A. Greenberg, J. R. Hamilton, N. Jain, S. Kandula, C. Kim, P. Lahiri, D. A. Maltz, P. Patel, S. Sengupta, "VL2: A Scalable and Flexible Data Center Network," ACM SIGCOMM 2009, (August 2009).

One line summary: This paper presents VL2, a data center network architecture that provides layer 2 semantics, high capacity, and performance isolation between services using flat addressing, Valiant Load Balancing, and a directory service for mappings, and runs over a Clos topology.

Summary

This paper presents a data center network architecture called VL2. The goals of VL2 are to achieve uniform high capacity, performance isolation between services, layer 2 semantics, as well as agility (the ability to assign any server to any service). VL2 is built from low cost switches arranged into a Clos topology and uses Valiant Load Balancing (VLB) to spread traffic across available paths and adapt to volatility in traffic and failure patterns. The authors of the paper first conduct a data center traffic analysis by implementing a data center that supports data mining. From this their major findings were that (1) the majority of flows are small, (2) the number of concurrent flows through a machine is around ten more than half the time, (3) the variability in traffic patterns is not easily summarized and there are a large number of representative traffic matrices, (4) traffic patterns change nearly constantly and unpredictably, (5) most failures are small in size, and (6) the main causes of downtimes are network misconfigurations, firmware bugs, and faulty components, and there is no obvious way to eliminate failures from the top of the data center topology hierarchy.

Briefly, VL2 operates as follows. VL2 is built on a Clos network topology. It uses two different kinds of addresses: location specific IP addresses (LAs) and application specific IP addresses (AAs). All switches and interfaces have LAs. Each server has an AA that remains the same no matter where the application is located and is assigned when the server is provisioned to a service. All servers within a service believe they are in the same subnet. The AA of a server is associated with the LA of the ToR switch to which the server is connected. Switches run a link-state routing protocol using these LAs. In performing routing, VL2 uses VLB to distribute traffic across intermediate switches and ECMP to distribute across equal cost paths. There is a VL2 agent at each server that encapsulates packets emanating from the servers within a packet that has the LA address of the destination ToR in the header. A directory service stores AA-LA-MAC address mappings. The directory service consists of a number of read-optimized directory services that cache AA-LA mappings and a smaller number of write-optimized replicated state machine servers that reliably store AA-LA mappings. The directory service performs lookups, updates, and reactive cache updates.
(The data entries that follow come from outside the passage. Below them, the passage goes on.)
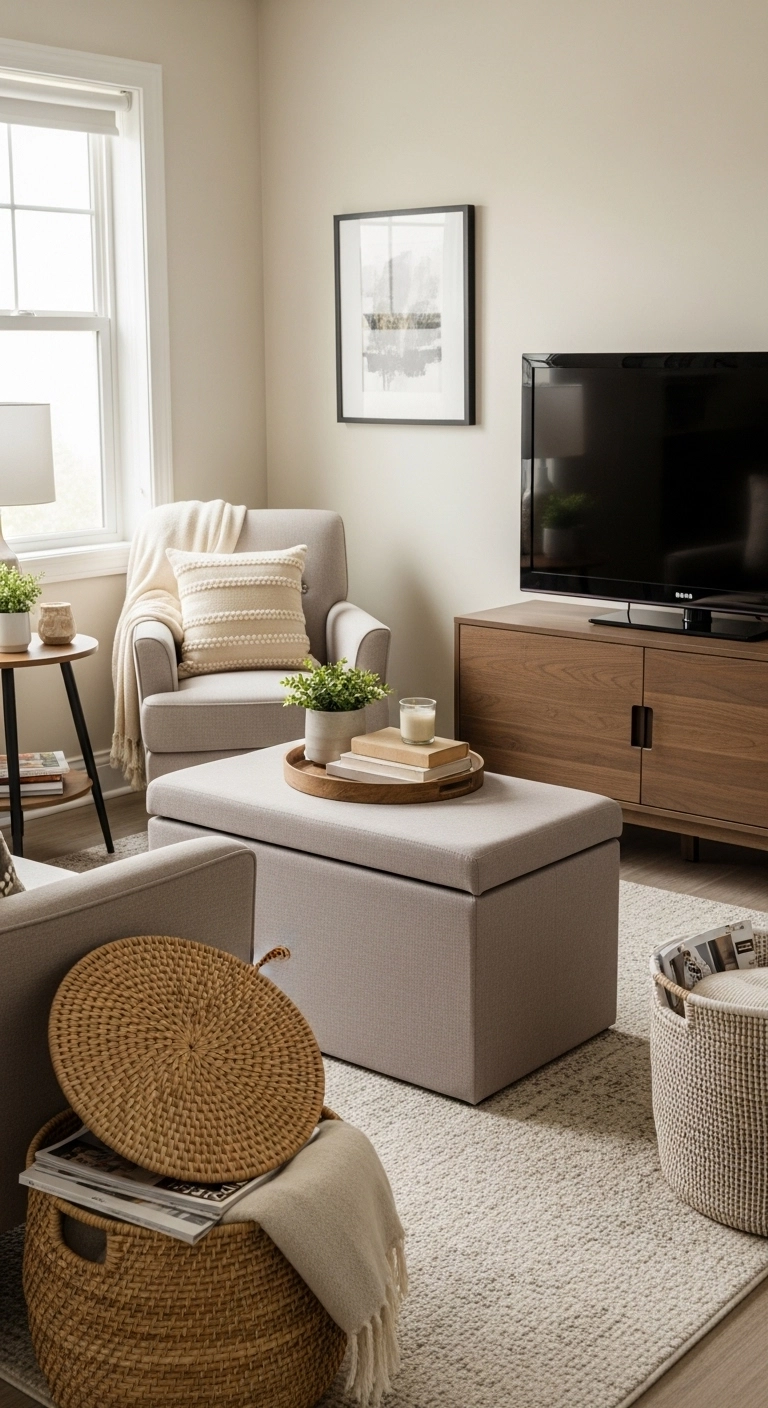 small living room decor ideas with hidden storage and tidy styling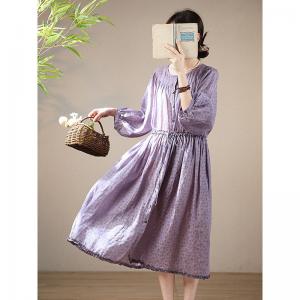 Tied Waist Violet Hawaii Dress Ramie Summer Prairie Dress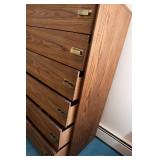 Bassett Mid-Century Modern Tallboy Dresser – 40"W x 19"D x 54"T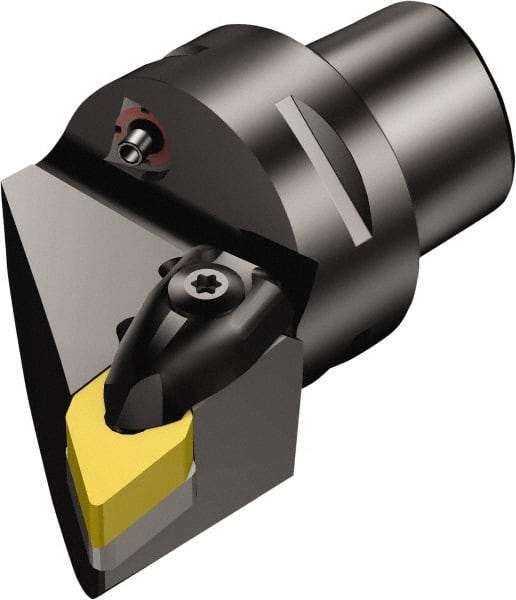 Sandvik Coromant - Left Hand Cut, Size C3, DNMG 11 04 08 & DNMG 332 Insert Compatiblity, External Modular Turning & Profiling Cutting Unit Head - 22mm Ctr to Cutting Edge, 45mm Head Length, Through Coolant, Series T-Max P - Benchmark Tooling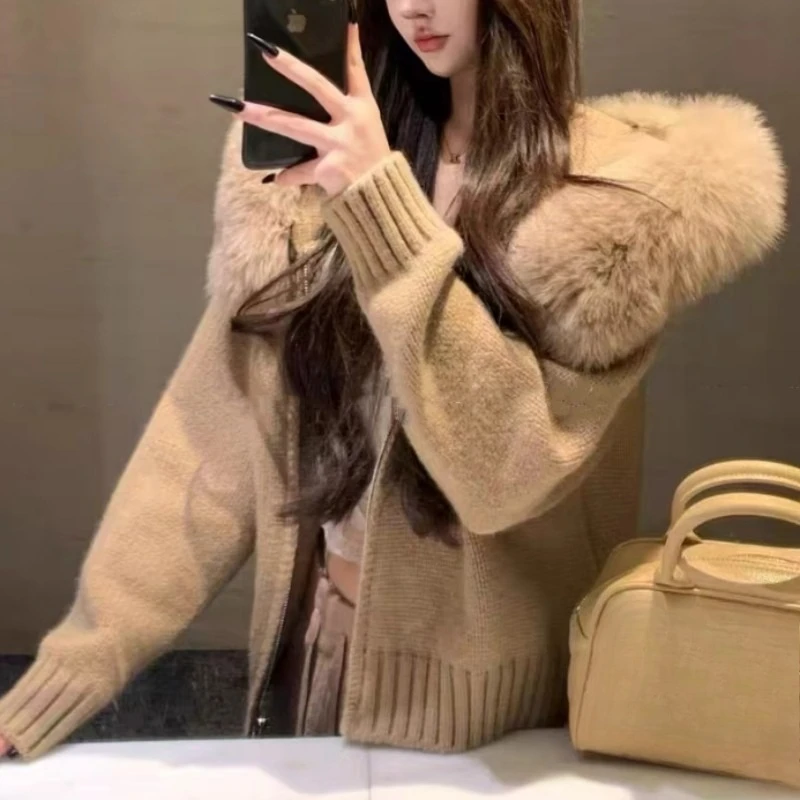 

Winter Female Sweater Hoodie Cardigan Fluffy Zipper Patchwork Long Sleeve Ribbed Solid Knit jacket Coat Women's Cardigan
The authors perform an evaluation of VL2, which serves to demonstrate that VL2 provides uniform high capacity, VLB fairness, performance isolation, convergence after link failures, and has a directory service that is scalable and resilient, with high availability and throughput. Of these experiments, I thought the most interesting was the one where they performed an all-to-all data shuffle stress test to show VL2 achieves high utilization and fairness between flows.

Critique

In terms of criticisms, here are several notes I made about this paper:

I liked that before designing VL2 they did an analysis of data center traffic. The results of this were somewhat surprising to me so I found them interesting. However, for this analysis, the authors instrumented a data mining workload, but it’s probably not the case that a data mining workload is representative of most traffic in data centers in general.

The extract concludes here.